Each line in the entries below that holds the string "goed" is to be listed.

===== The records

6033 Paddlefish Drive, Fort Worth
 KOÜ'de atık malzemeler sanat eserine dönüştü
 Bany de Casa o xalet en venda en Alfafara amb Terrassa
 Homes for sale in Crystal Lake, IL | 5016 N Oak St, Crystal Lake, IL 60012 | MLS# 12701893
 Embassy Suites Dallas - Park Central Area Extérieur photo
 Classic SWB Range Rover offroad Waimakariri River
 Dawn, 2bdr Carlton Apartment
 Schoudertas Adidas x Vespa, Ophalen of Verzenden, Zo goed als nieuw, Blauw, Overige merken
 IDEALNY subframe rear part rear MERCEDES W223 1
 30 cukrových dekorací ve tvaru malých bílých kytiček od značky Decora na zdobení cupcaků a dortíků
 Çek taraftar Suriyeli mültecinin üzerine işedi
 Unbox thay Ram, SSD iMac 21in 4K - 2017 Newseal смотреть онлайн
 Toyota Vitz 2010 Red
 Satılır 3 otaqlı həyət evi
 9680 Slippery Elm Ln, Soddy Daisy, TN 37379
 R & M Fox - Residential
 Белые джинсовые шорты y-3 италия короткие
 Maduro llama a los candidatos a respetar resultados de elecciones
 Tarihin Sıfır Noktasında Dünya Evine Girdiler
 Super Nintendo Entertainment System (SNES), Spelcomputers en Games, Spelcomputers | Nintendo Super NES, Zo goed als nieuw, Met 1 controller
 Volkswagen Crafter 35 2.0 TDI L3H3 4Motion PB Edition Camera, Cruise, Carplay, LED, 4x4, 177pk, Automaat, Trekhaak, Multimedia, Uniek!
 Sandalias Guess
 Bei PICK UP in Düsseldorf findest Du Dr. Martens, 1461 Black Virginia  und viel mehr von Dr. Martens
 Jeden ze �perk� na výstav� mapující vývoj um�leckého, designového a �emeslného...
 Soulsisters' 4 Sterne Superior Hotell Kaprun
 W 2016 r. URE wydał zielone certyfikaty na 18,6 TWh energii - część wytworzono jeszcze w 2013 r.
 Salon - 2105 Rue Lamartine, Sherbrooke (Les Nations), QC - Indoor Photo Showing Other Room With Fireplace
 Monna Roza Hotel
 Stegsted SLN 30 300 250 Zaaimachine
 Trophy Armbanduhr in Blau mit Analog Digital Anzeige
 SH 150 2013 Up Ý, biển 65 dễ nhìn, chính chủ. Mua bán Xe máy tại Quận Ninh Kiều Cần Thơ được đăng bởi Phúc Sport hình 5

==========

Response area ->
 Schoudertas Adidas x Vespa, Ophalen of Verzenden, Zo goed als nieuw, Blauw, Overige merken
 Super Nintendo Entertainment System (SNES), Spelcomputers en Games, Spelcomputers | Nintendo Super NES, Zo goed als nieuw, Met 1 controller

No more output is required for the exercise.